The conventional path to a fair value appraisal proceeding under Section 623 of the Business Corporation Law (the “BCL”) involves deliberate invocation of the statute by the business entity, the dissenting owner, or both.
For corporation mergers and asset sales, the process ordinarily involves the entity’s transmission of written notice to shareholders of their right to dissent from the transaction and pursue an appraisal remedy (BCL § 605 [a]; BCL § 623 [l]), the shareholder’s written exercise of the right to dissent (BCL § 623 [a], [c]), the entity’s offer to purchase the dissenting shareholder’s interest for fair value (BCL § 623 [g]), a statutory negotiating period (BCL § 623 [h]), and, if the entity and shareholder cannot reach agreement on price, commencement by one side, or the other, of an appraisal proceeding (BCL § 623 [h], [1], [2]).
If, after all of that activity, neither side files an appraisal proceeding within the statutory timeframe, then “all dissenter’s rights shall be lost unless the supreme court, for good cause shown, shall otherwise direct” (BCL § 623 [h] [2]).
Under BCL § 623 (k), the “exclusive remedy” provision of the fair value appraisal statute, “[t]he enforcement by a shareholder of his right to receive payment for his shares in the manner provided herein shall exclude the enforcement by such shareholder of any other right to which he might otherwise be entitled by virtue of share ownership,” except an action for “equitable relief” to enjoin, set aside, or rescind “unlawful or fraudulent corporate conduct” (Breed v Barton, 54 NY2d 82 [1981]).
Can a shareholder lose all rights as shareholder under BCL § 623 (k) where neither the corporation, nor shareholders, did anything to invoke the fair value appraisal statute, and where all parties consent to the transaction?
Can that loss of rights include a shareholder’s ability to challenge a co-shareholder’s post-closing withholding of the proceeds from the very transaction that gave rise to potential dissenters’ rights?
Those were the consequential questions posed by a brand new appeals court decision, Klein v Wiley (___ AD3d ___, 2025 NY Slip Op 04715 [2d Dept Aug. 20, 2025]).
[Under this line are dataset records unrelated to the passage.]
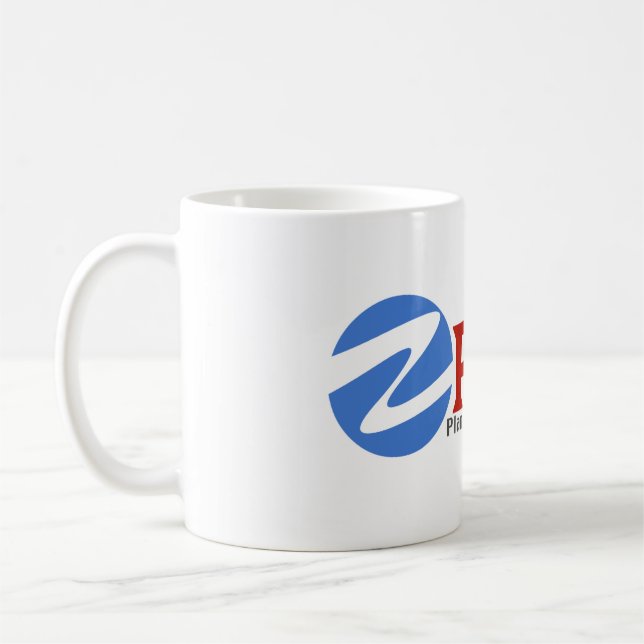 Tasse de café blanc de l'électronique du monde de (Gauche)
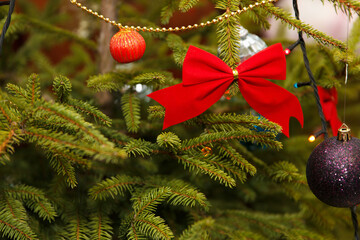 A close-up of a decorated Christmas tree with red bows, colorful ornaments, and golden beads.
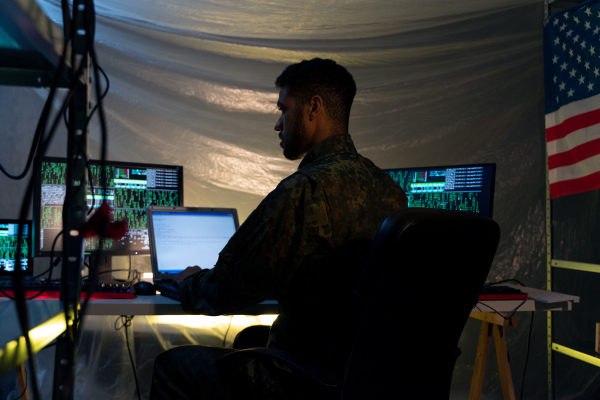 An American hacker in military unifrorm on dark web, cyberwar concept.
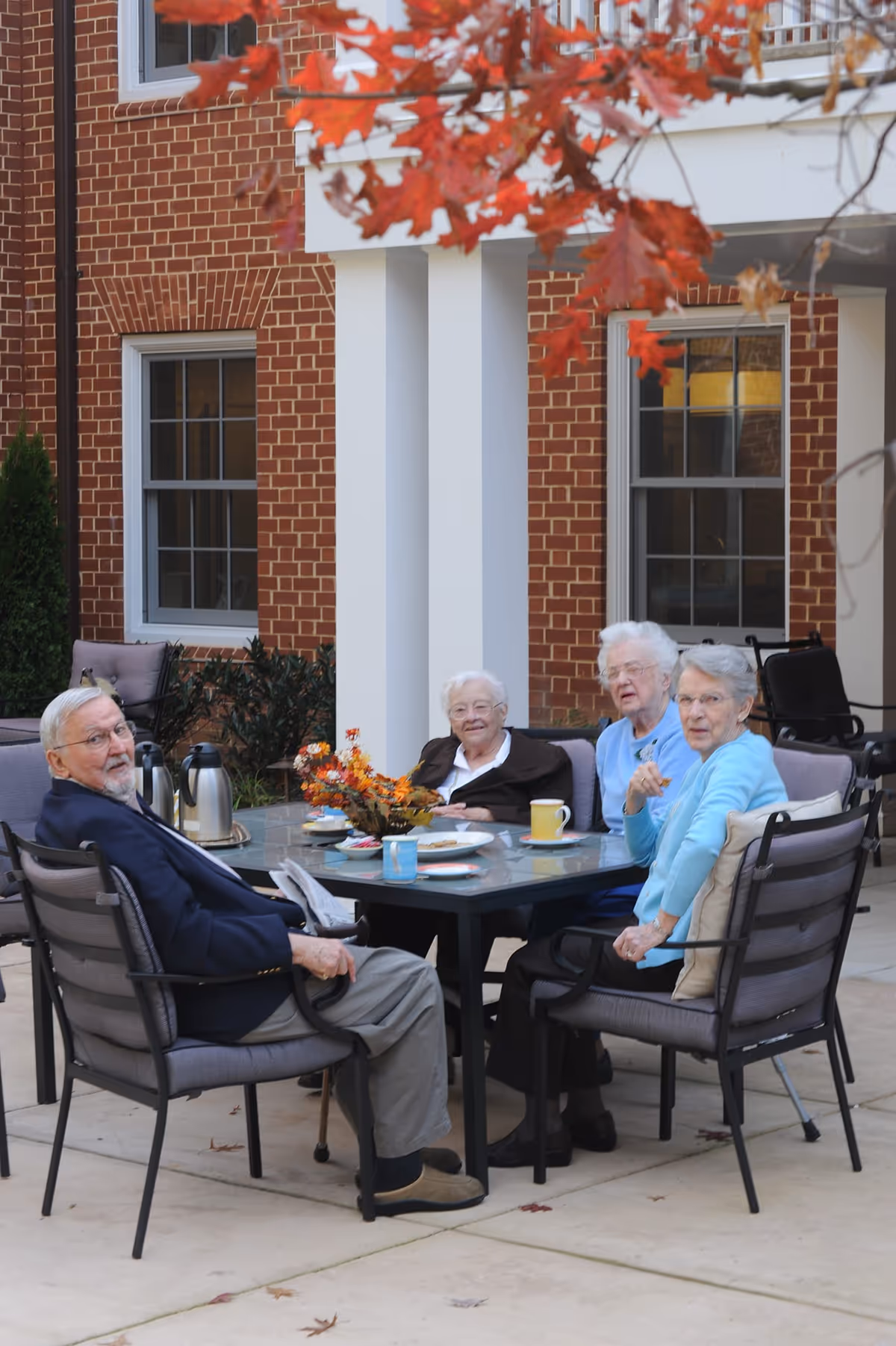 Four elderly people sitting around a glass outdoor table with chairs on a patio. They are enjoying a casual gathering with coffee cups and a floral centerpiece. The background shows a brick building with white pillars and windows, and some autumn leaves hanging above.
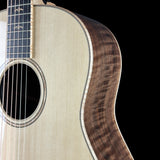 Close-up of an acoustic guitar body showing the natural wood grain top, sound hole rosette, and dark fingerboard against a black background.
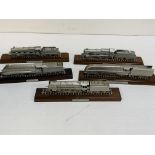 Five diecast model locomotives on wooden bases.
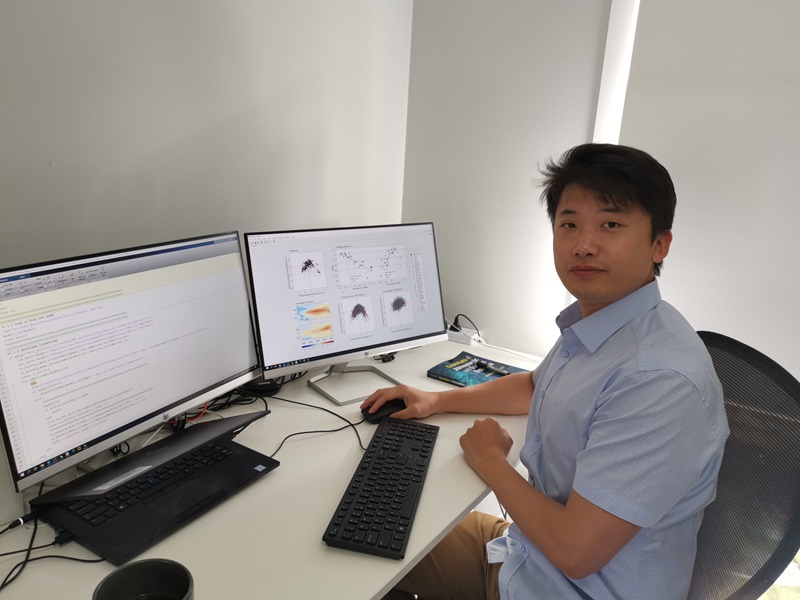 Guojian at his computer smiling at camera. 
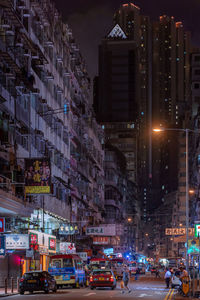 View of city street and buildings at night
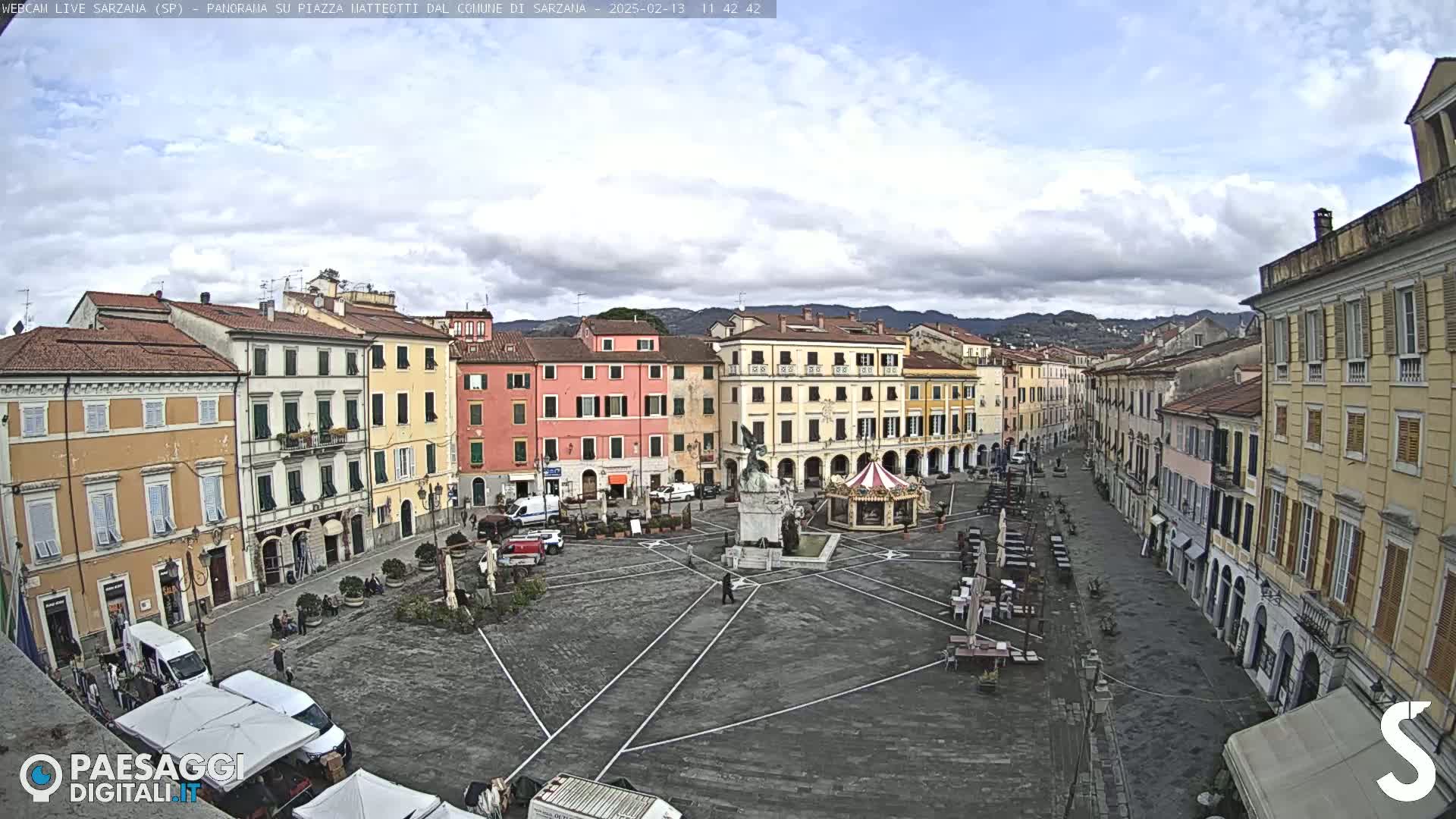 A large town square with multi-story buildings on all sides under a cloudy sky.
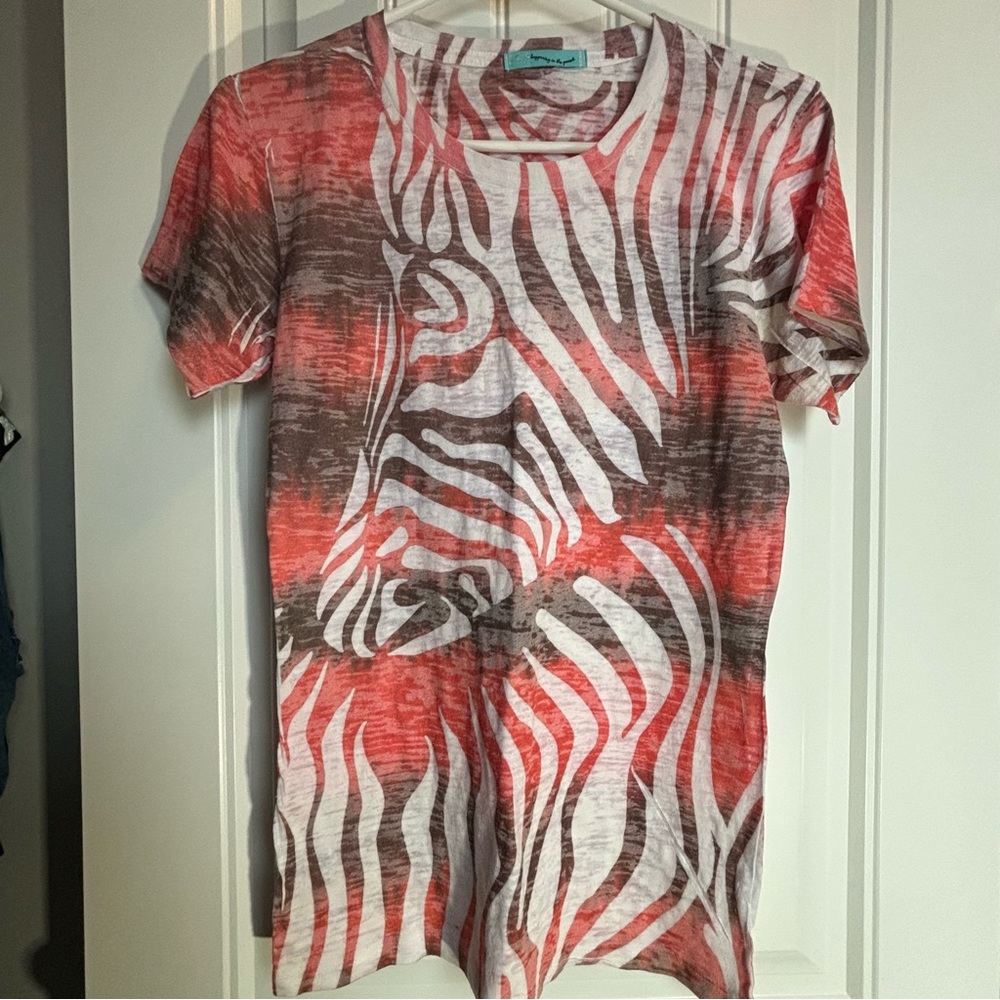 Sheer T shirt that has peach, white, and brown colors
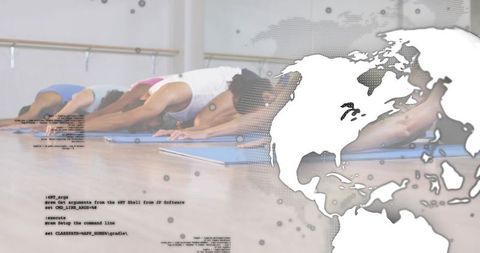 Group yoga class stretching forward bend on blue mats with global map overlay and barre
The answer to both questions is a rather surprising “yes.”
Klein is one part wakeup call, one part trap for corporate transactional lawyers and business divorce practitioners: where a corporate transaction potentially triggers dissenting shareholder appraisal rights, a shareholder’s failure to exercise those rights can lead to severe consequences, even for unknown, future events post-dating the closing, like misappropriation of the cash consideration from the very transaction itself creating dissenters’ rights.
The Dental Practice and the Asset Sale
In 2008, two dentists, Edwin Wiley “(Wiley”), as 85% shareholder, and Gregory Klein (“Klein”), as 15% shareholder, entered into a Shareholders Agreement for Galloway Dental, P.C. (“Galloway”).
In 2018, Wiley and Klein executed an Asset Purchase Agreement, selling all of Galloway’s assets to another dental practice for a gross purchase price of $800,000.
The Lawsuit Alleging Pre- and Post-Closing Defalcation
In 2019, Klein sued Wiley in Orange County Supreme Court, alleging misconduct by Wiley both pre- and post-dating the closing of Galloway’s asset sale.
Pre-closing, Klein alleged an array of financial misfeasance by Wiley, including that Wiley “regularly paid personal expenses with Galloway funds,” “paid excess compensation to family members,” “paid compensation in the form of wages to family members that were not actually working for Galloway,” “paid excess rental payments to Warwick Gardens, LLC, a company wholly owned by Wiley,” “incurred excessive personal debt in the name of the corporation,” “mismanaged corporate affairs thereby plunging Galloway into substantial debt,” “filed fraudulent tax returns,” and “authorized employees to pay personal expenses with corporate funds.”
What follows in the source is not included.